The first week of the Olympics leads off this weeks report from Mediapost:

Out to Launch
Olympic ads. Fake boobs sell real fries. Let's launch!

The United States Olympic Committee and the Ad Council launched a multi-year PSA campaign focusing on teen steroid use that's funded by Johnson & Johnson. "Asterisk" features the star player of a high school team being congratulated by students, teachers and coaches. Jake has a pimple on his forehead that gets bigger and bigger throughout the ad, as people begin to look at him differently. By the end of the ad, the zit has morphed into an asterisk, branding Jake as a fraud. See the long and short versions of the ad here and here. A print ad, seen here, features a female swimmer who cannot hide the bulging asterisk underneath her swim cap. The campaign was created pro bono by TBWA/Chiat/Day New York.

adidas launched "Countdown," a TV spot running predominantly in Hong Kong with a touch of China included. The ad shows both athletes and the country as a whole, waiting with bated breath for the games to begin. No pressure on the athletes or anything. Watch the ad here. "Gametime," running in China, shows residents propelling soccer, volleyball and basketball players to the top position on the medal podium. See the ad here. Print ads follow suit, with countrymen and women standing behind their athletes and supporting them atop a cluster of fans. See the ads here and here. TBWA/China created the TV ads and TBWA/China (TBWA/180) created the print ads.

adidas also launched a global print campaign called "Gold is not a Given," featuring sprinters Tyson Gay, Allyson Felix, Veronica Campbell-Brown and Jeremy Wariner, pole vaulter Yelena Isinbayeva and marathoner Haile Gebrselassie. These athletes flew to Beijing in February to familiarize themselves with the city and train in sub-zero temperatures. I won't run outdoors if it's below 40 degrees. Hence my day job and gym membership! Copy is different in each of the ads yet equally motivational. "Gold can be lost in a flash. Lost in the blink of an eye. Lost before the start of a race. Lost months before you step onto the track. Gold is never a given," reads the copy in Tyson Gay's ad, ironic for the sprinter, who's recovering from a hamstring injury. See the ads here, here, here, here, here and here. 180 Amsterdam created the campaign.
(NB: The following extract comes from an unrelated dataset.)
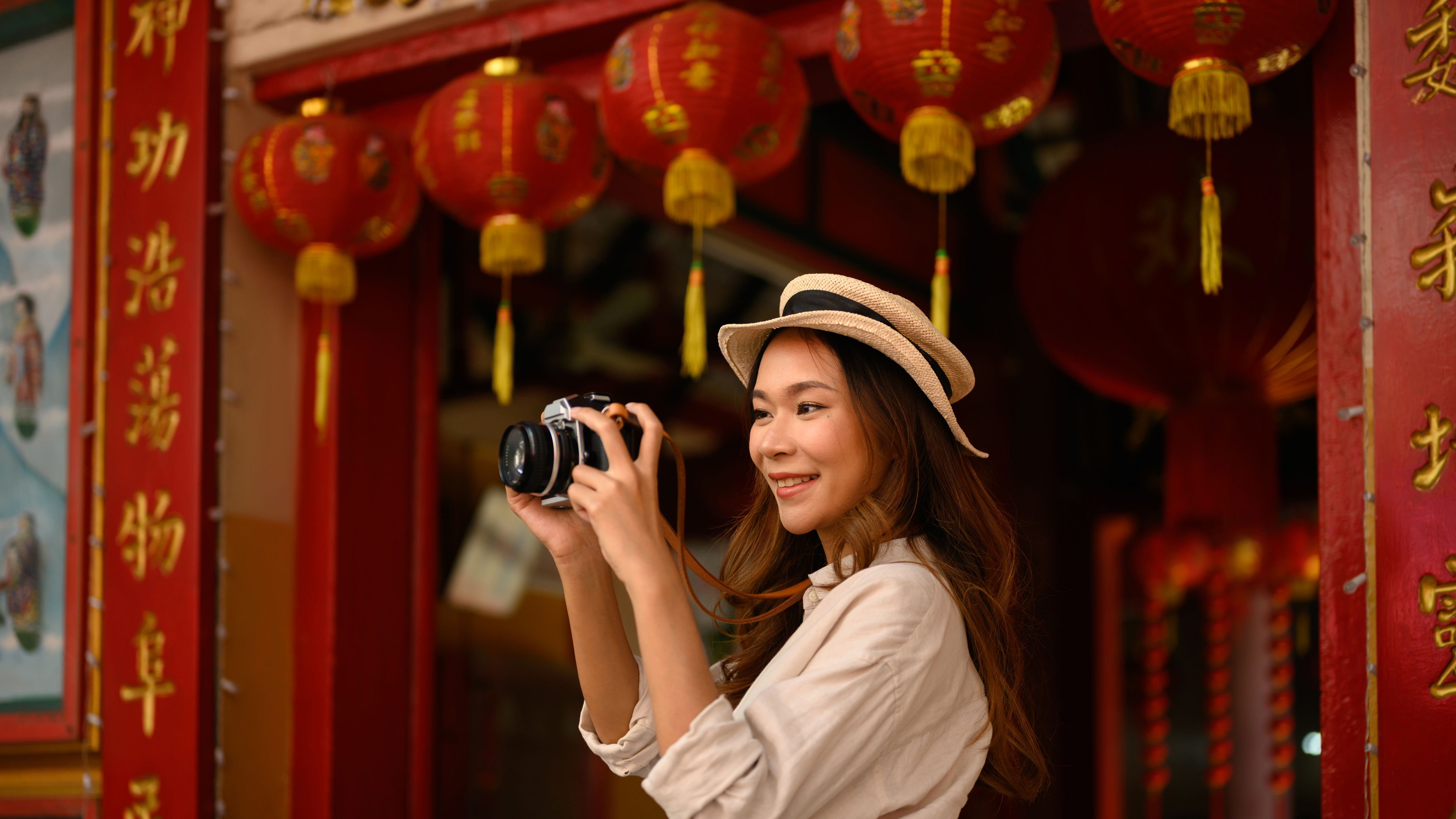 一位面帶微笑嘅年輕女子企喺中國寺廟前，上面裝飾住靚嘅紅燈籠。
Isn't Morgan Freeman in the hospital? The actor has been the voiceover for Visa's "Go World" TV campaign, and vocally appears in the latest ad that congratulates swimmer Michael Phelps for becoming the Olympian with the most gold medals (10 and counting), a feat just recently achieved. Good thing companies prepare for potential -- OK, probable -- milestones. "Congratulations, Phelps" aired following his win in the 200-meter butterfly and treats Phelps fans to still shots of his toned body in and out of the pool and closes with the image of Phelps celebrating the U.S. team's comeback from behind victory in the 4 x 100 meter freestyle relay. I had to go online and watch it again. See the ad here. TBWA/Chiat/Day created the spot and OMD handled the media buy.

GE has three great TV spots running during the Olympics. "Crane" promotes GE's fuel-efficient and low-emission aircraft engines using a series of cranes awaiting takeoff on a beach. Takeoffs are halted due to runway traffic -- baby turtles. See the ad here. "Discus" shows how the Greek ruins came to be: a talented discus thrower battling a strong, sudden gust of wind. Watch the ad here. Crouching children, hungry, fire-breathing dragon? Village men, women and children trek grass to a mountaintop to feed a hungry dragon that in turn breathes fire and turns organic waste into energy for a heated pool. Legend=reality. Click here to watch the ad. BBDO New York created the campaign.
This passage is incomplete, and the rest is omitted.